▸ **Dataset extract**
**********
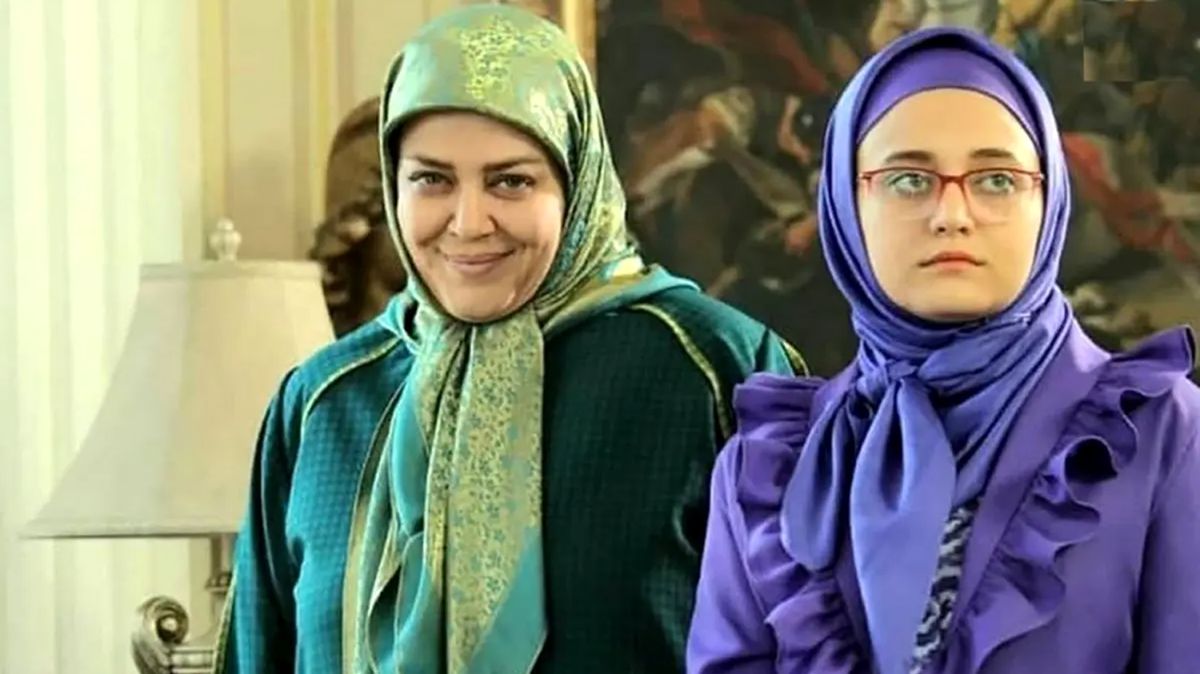 سفر در زمان؛ «مومو نوجوان» سریال بچه مهندس ۲ در ۱۷ سالگی؛ سال ۱۴۰۰ + عکس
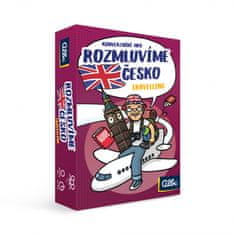 Albi Rozmluvíme česko - Travelling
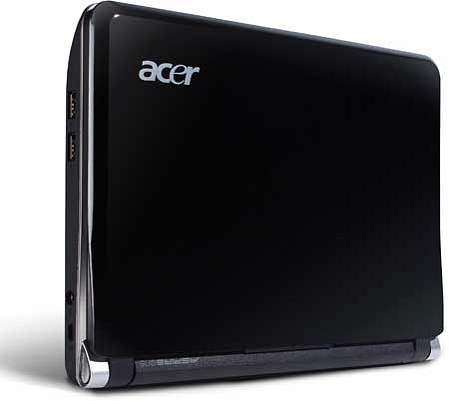 Нетбук Acer Aspire One AO531H-1BGk Atom-N280/1/160/WiFi/3G/10.1"/Xp/Black (LU.S650B.070)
**********
▸ **Exercise prompt**
Leave out all pictures, then copy the remaining material exactly.

▸ **Result for this exercise**
 سفر در زمان؛ «مومو نوجوان» سریال بچه مهندس ۲ در ۱۷ سالگی؛ سال ۱۴۰۰ + عکس
 Albi Rozmluvíme česko - Travelling
 Нетбук Acer Aspire One AO531H-1BGk Atom-N280/1/160/WiFi/3G/10.1"/Xp/Black (LU.S650B.070)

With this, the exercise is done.